With her art, Tiffany Aiello deals with what she calls a “hybrid world between object, animal, and human.” This manifests itself in “Masks,” a wall of animal heads, alternately cartoonish and reality-based, on the wall, and “Pygmalion,” a headless white-furred creature splayed on the floor. The compromised creature imposes a disquieting yet weirdly whimsical presence in the gallery.

A very different presence appears in the opposite corner of the main gallery space, where KeyShawn Scott’s installation “Aisle 12,” a “deconstructed grocery store aisle,” concerns tropes of commerce and consumerism, and is flecked with commentary on racial and socioeconomic divides in the public commercial landscape.

The current Iranian crisis, at the hands of the U.S.’s warring aggression, filters into the gallery in a deceptively calm way with Iranian-born artist Nejar Farajiani’s “Weaving Home/Weaving Narratives.” Her multimedia artwork consists of a mesh of references to and examples of the weaving arts, expertly crafted by the artist “between the wars” — Israel’s attacks in June of 2025 and the Trump-ed war starting this spring. Farajiani also shows her public sculpture “Shelter of Shadows,” a fragile, skeletal, hut-like dwelling set outside, overlooking the lagoon.

Fake news and the elasticized relationship with the truth, in the age of social media and AI tampering, is at the heart of internet artist Emily D’achiardi’s “Recording the State.” Her partially interactive installation asks the viewer to suss out veracity in headlines, such as “Resetting the Goal Posts: White House Announces ‘New Media Seat.’ Opens Press Room to Influencers.” Would we put it past them?

The museum’s back gallery has been transformed by Alexis Childress into a dimly lit domain and atmospheric installation filled with ghostly white facsimiles of cornstalks and digitally sculpted church, home, and workplace (a salon serving as both a location for work and a community gathering). It is part of the artist’s The Mid-West series, with echoes of her upbringing in the small — and racially divided — midwestern town of Jacksonville, Illinois.

No specific place or physical reality is tapped in another transformed gallery space, given over to the work of Vivek Karthikeyan. His piece, aptly dubbed “Dreaming of Waking Up,” is a video installation and a gallery of one’s own, awash in imagery of rushing, gushing water and subjective road footage. Motion and mediation are touchstones here, to dreamlike — or waking dreamlike — ends. Further sensory immersion is provided by virtual reality glasses, with art channeling technology in the service of an ultimately contemplative objective.

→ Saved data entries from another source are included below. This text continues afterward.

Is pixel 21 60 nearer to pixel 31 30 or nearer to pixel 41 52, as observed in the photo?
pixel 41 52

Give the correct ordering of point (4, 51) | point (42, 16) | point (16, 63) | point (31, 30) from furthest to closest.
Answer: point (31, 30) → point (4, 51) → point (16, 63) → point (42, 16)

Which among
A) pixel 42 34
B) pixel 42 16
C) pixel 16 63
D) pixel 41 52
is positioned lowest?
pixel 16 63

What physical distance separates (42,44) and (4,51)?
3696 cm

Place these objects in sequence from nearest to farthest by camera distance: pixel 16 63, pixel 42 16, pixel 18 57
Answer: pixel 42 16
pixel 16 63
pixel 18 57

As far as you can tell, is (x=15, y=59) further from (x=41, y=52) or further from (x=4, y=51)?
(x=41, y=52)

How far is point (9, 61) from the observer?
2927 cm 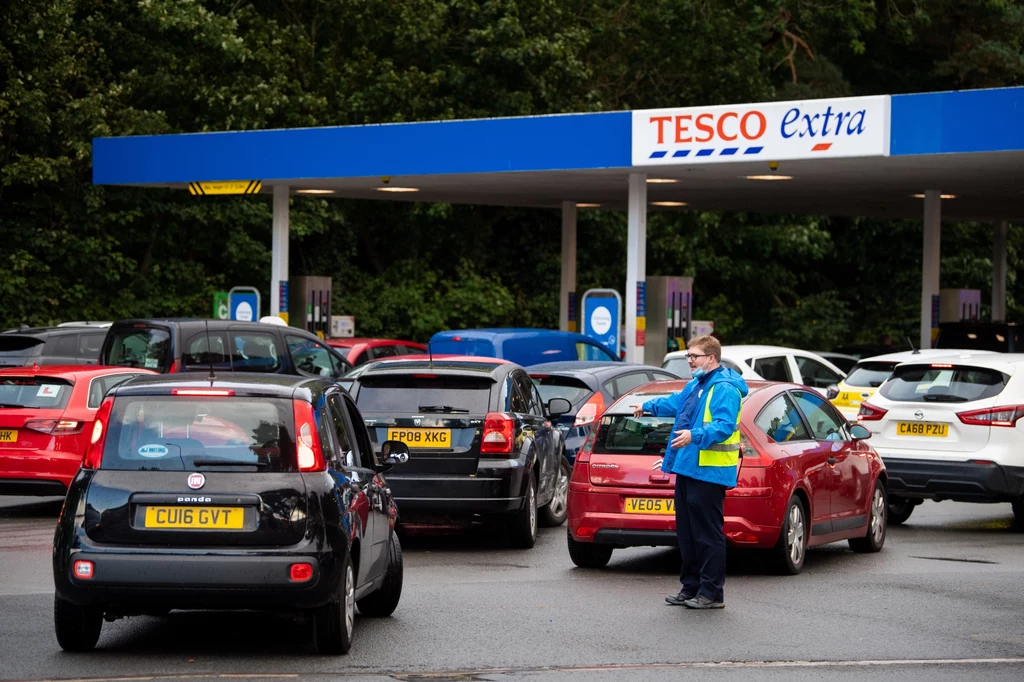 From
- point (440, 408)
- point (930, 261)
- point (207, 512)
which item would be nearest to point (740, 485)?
point (440, 408)

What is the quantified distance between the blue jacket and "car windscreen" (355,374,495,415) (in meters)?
2.98

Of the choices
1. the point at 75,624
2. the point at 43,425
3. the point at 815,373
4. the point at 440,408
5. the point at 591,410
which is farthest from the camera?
the point at 815,373

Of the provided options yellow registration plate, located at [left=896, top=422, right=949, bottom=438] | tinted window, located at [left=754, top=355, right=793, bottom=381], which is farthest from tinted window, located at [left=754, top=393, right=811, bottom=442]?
tinted window, located at [left=754, top=355, right=793, bottom=381]

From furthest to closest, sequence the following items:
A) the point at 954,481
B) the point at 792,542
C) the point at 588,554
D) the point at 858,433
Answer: the point at 954,481
the point at 858,433
the point at 588,554
the point at 792,542

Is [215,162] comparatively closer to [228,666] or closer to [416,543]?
[416,543]

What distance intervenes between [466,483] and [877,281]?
117 feet

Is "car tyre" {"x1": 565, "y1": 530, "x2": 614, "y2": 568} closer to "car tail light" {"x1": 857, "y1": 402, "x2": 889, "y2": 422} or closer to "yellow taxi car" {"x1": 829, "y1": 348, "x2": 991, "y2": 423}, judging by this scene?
"car tail light" {"x1": 857, "y1": 402, "x2": 889, "y2": 422}

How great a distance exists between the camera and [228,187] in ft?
93.8

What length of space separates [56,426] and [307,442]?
7325 mm

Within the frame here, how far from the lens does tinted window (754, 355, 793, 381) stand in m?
20.9

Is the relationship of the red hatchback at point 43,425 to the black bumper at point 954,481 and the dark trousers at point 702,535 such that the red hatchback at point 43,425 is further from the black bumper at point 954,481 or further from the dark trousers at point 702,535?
the black bumper at point 954,481

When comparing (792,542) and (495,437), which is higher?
(495,437)

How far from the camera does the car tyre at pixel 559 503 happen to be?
1519cm

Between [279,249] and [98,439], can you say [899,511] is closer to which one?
[98,439] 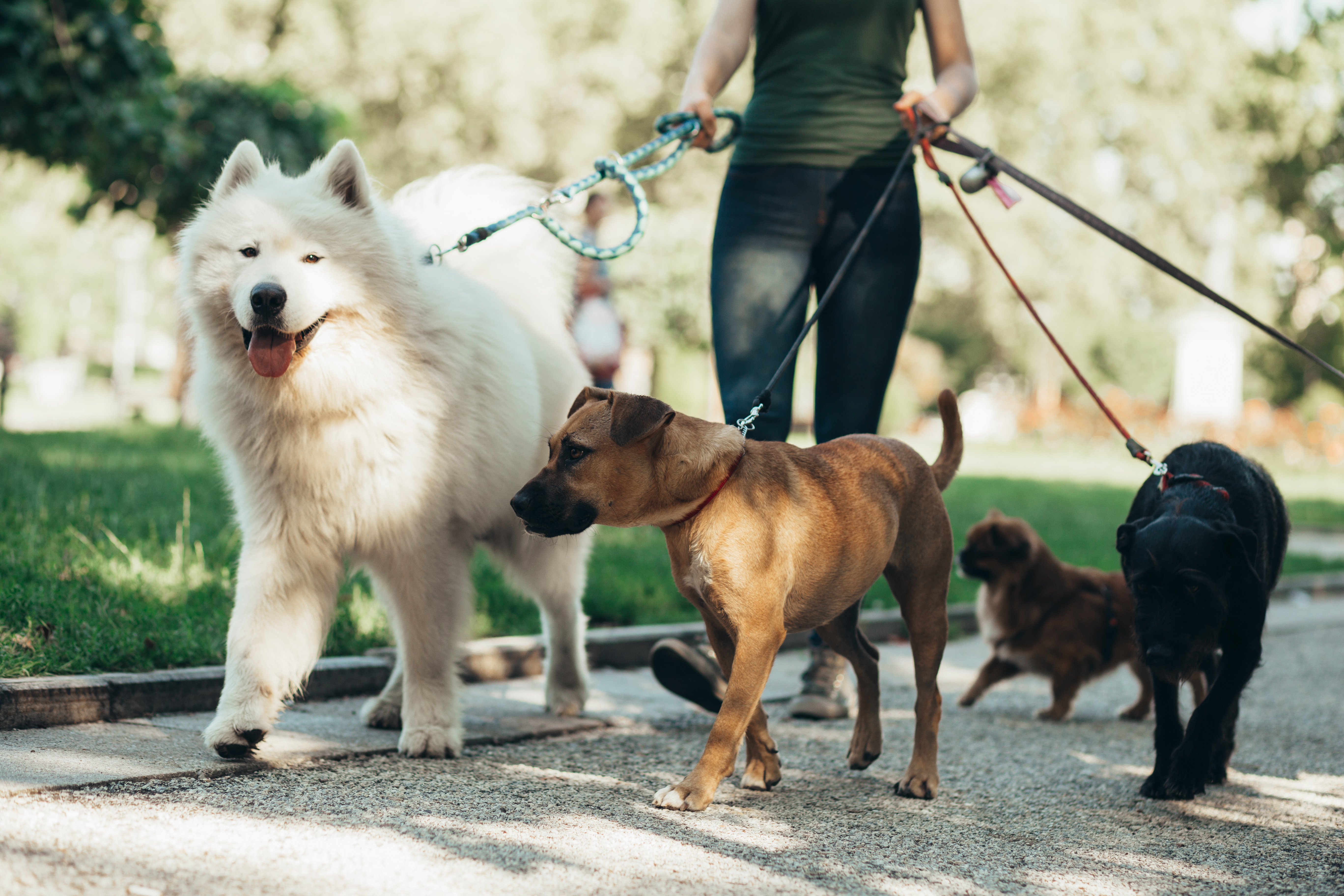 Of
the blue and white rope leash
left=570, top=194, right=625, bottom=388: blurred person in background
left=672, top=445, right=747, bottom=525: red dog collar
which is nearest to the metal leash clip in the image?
left=672, top=445, right=747, bottom=525: red dog collar

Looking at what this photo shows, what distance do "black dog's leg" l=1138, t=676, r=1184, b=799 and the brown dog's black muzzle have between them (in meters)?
1.98

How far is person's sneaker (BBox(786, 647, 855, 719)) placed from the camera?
482 centimetres

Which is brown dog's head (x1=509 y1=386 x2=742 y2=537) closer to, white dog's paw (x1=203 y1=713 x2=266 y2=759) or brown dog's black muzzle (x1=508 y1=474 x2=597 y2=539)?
brown dog's black muzzle (x1=508 y1=474 x2=597 y2=539)

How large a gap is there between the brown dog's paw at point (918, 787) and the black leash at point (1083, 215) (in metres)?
1.72

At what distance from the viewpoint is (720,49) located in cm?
466

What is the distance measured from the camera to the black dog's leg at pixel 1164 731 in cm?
385

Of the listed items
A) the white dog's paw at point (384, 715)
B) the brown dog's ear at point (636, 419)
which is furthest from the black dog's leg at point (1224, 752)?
the white dog's paw at point (384, 715)

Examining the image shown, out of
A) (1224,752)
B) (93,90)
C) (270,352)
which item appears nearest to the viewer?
(270,352)

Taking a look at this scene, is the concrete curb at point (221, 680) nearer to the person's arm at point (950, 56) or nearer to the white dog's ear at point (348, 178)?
the white dog's ear at point (348, 178)

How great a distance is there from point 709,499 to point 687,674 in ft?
3.75

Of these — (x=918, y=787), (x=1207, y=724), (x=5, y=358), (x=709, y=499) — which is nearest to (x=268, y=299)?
(x=709, y=499)

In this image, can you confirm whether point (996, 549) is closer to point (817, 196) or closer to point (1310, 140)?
point (817, 196)

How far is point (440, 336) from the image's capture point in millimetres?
3893

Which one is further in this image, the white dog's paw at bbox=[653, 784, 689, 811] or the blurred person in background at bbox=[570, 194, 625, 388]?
the blurred person in background at bbox=[570, 194, 625, 388] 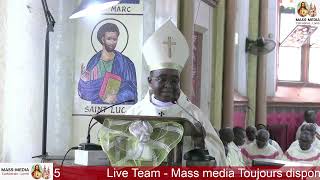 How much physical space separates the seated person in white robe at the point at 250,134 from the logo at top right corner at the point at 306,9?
0.57 meters

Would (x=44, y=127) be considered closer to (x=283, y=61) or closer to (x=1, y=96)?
(x=1, y=96)

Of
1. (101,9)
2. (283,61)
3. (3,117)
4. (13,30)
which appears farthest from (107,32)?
(283,61)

Karthikeyan’s self-enclosed artistic dream world is just one of the many disparate worlds visited and created by these MFA artists, plugged into contemporary realities while conjuring their own making. These emerging artists, heading out into the world and into finding their place in as-yet-undiscovered art scenes, add up to an intriguing gallery of ideas and impulses.

Once again, we can count on MFA to shake up and wake up the local art space status quo.